**Problem requirements**
Retype the records below exactly as they appear, but leave out any pictures.

....................

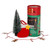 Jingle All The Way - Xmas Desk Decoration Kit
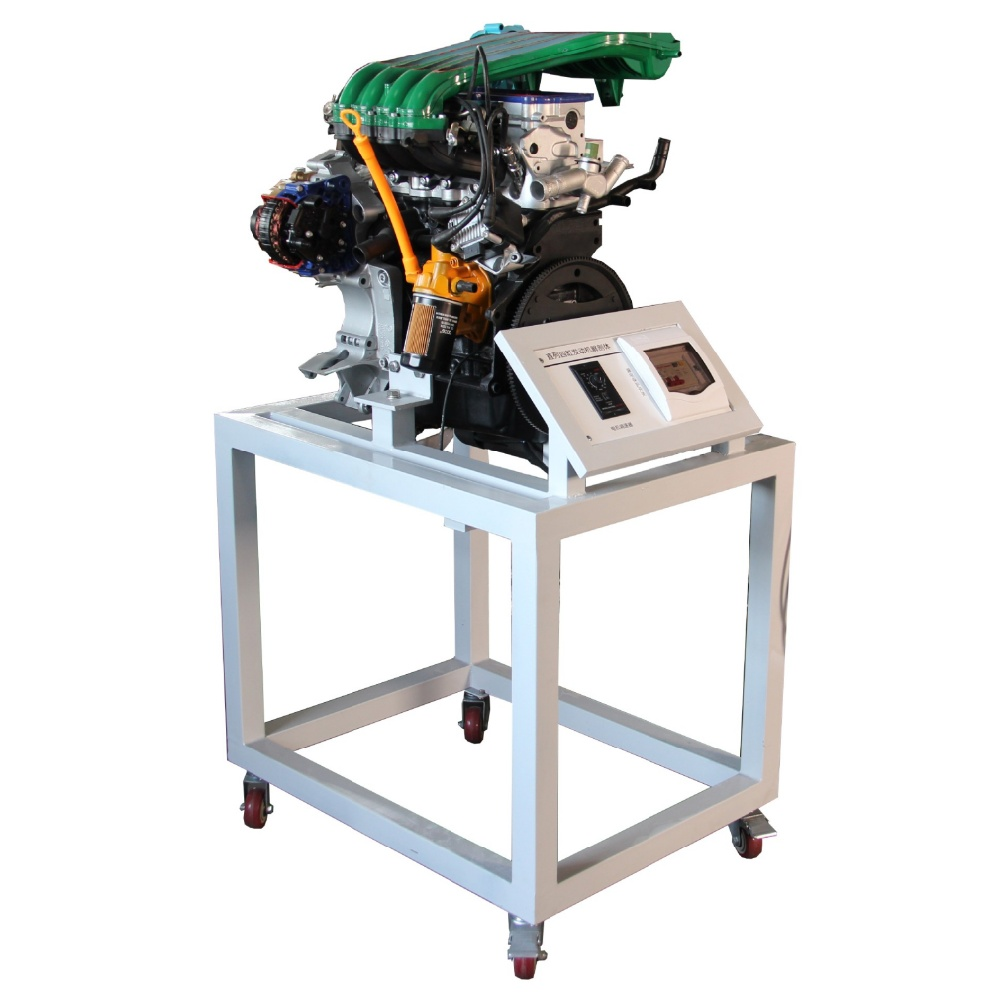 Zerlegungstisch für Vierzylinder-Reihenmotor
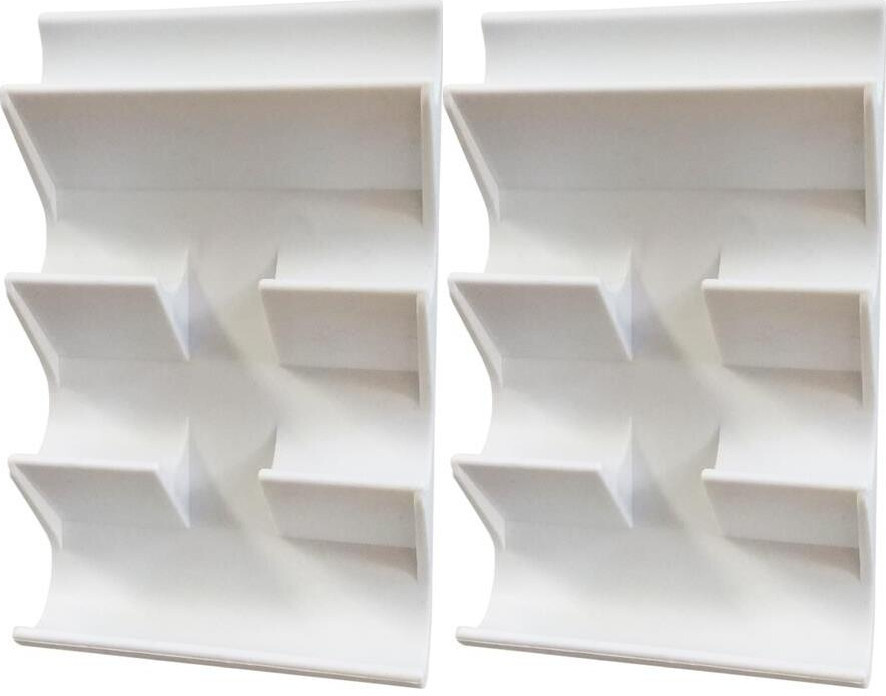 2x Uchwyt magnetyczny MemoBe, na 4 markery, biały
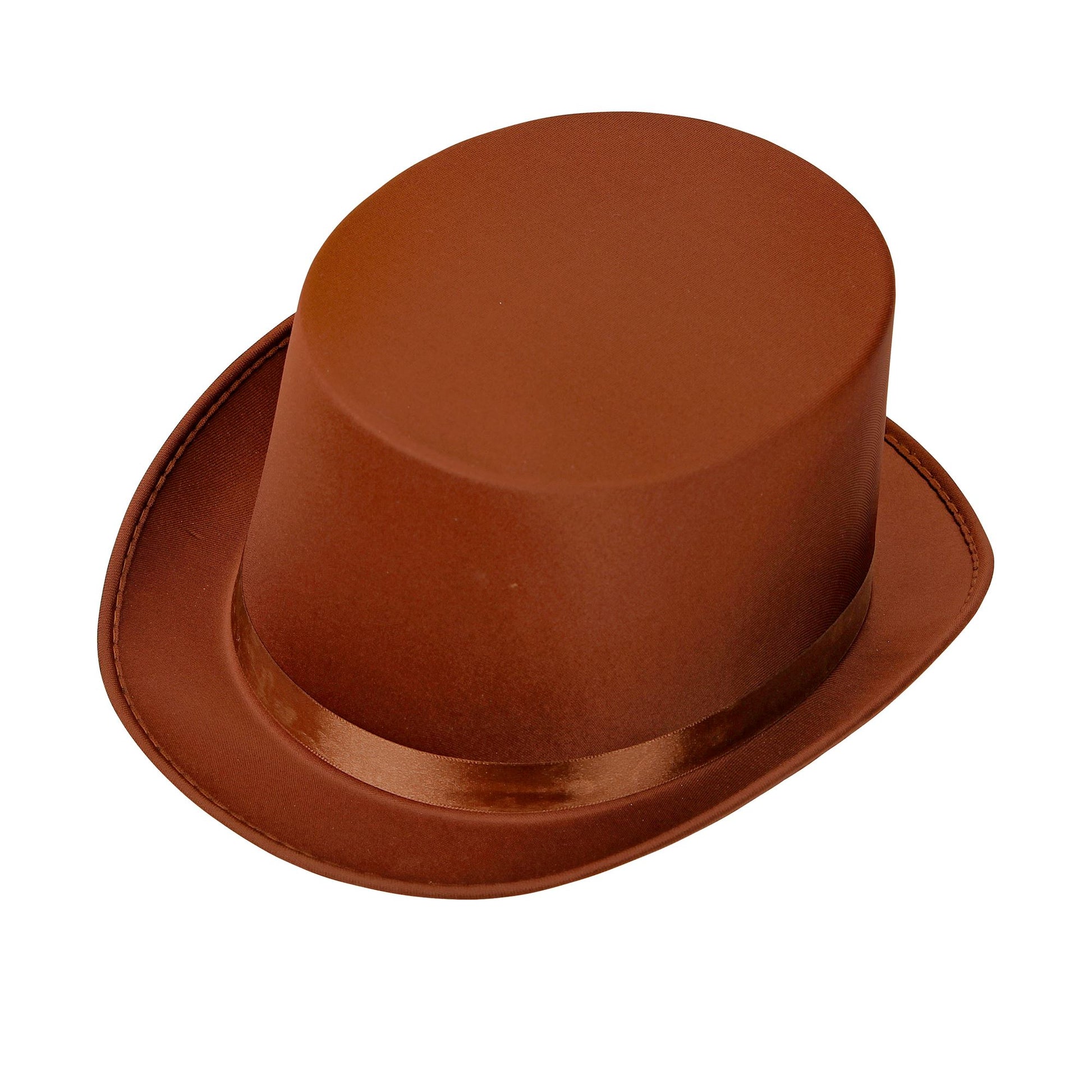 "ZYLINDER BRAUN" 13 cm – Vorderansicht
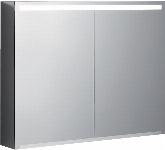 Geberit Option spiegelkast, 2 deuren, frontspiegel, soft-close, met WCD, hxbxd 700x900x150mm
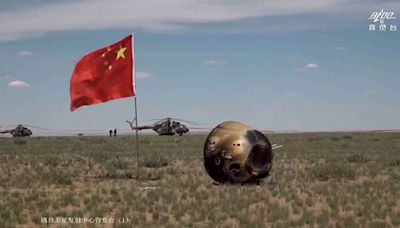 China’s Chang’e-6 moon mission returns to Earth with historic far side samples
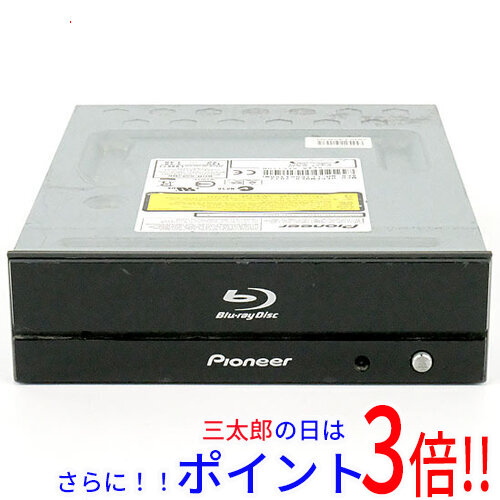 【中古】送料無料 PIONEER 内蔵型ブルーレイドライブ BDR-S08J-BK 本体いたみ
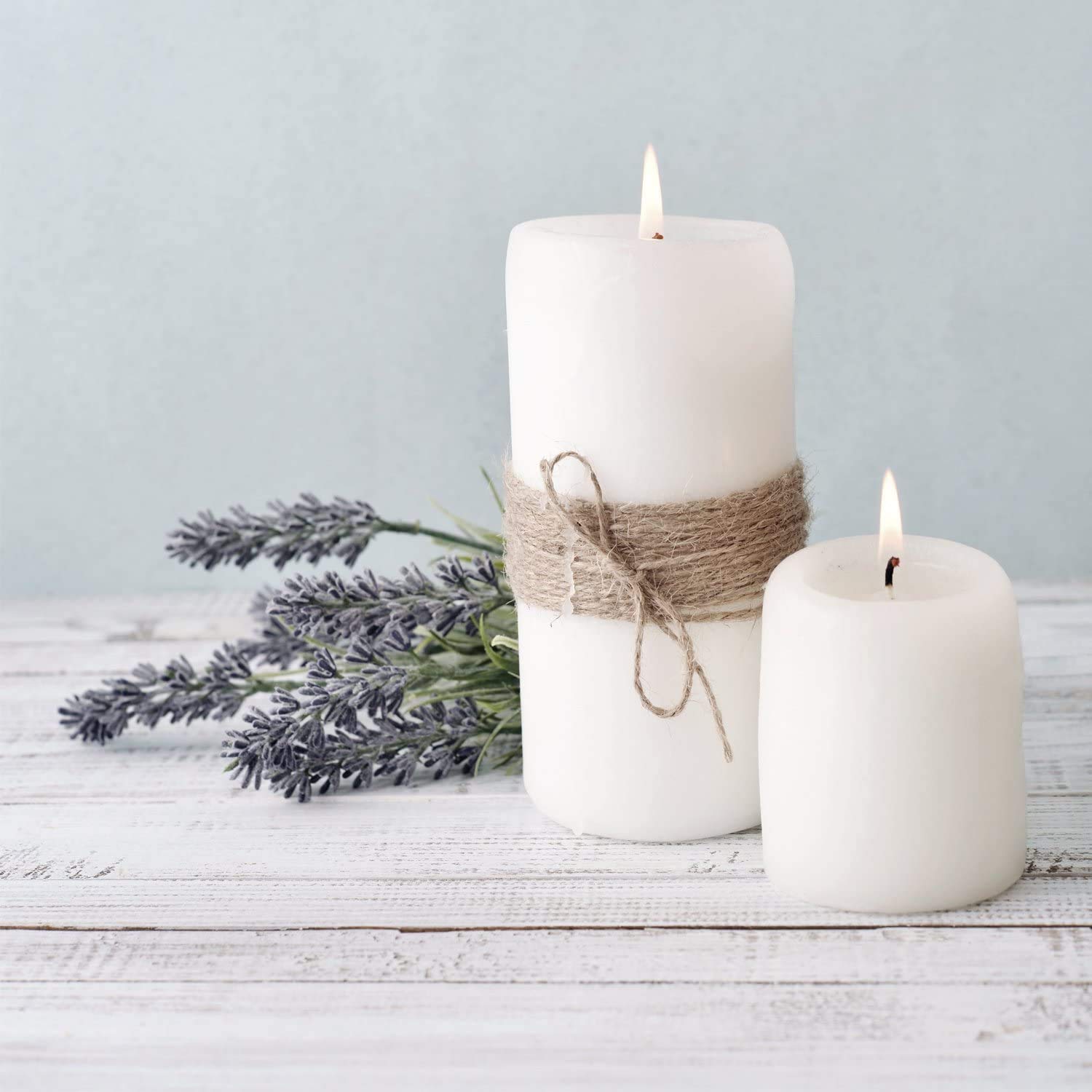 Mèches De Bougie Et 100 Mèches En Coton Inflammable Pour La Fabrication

....................

**Output below**
 Jingle All The Way - Xmas Desk Decoration Kit
 Zerlegungstisch für Vierzylinder-Reihenmotor
 2x Uchwyt magnetyczny MemoBe, na 4 markery, biały
 "ZYLINDER BRAUN" 13 cm – Vorderansicht
 Geberit Option spiegelkast, 2 deuren, frontspiegel, soft-close, met WCD, hxbxd 700x900x150mm
 China’s Chang’e-6 moon mission returns to Earth with historic far side samples
 【中古】送料無料 PIONEER 内蔵型ブルーレイドライブ BDR-S08J-BK 本体いたみ
 Mèches De Bougie Et 100 Mèches En Coton Inflammable Pour La Fabrication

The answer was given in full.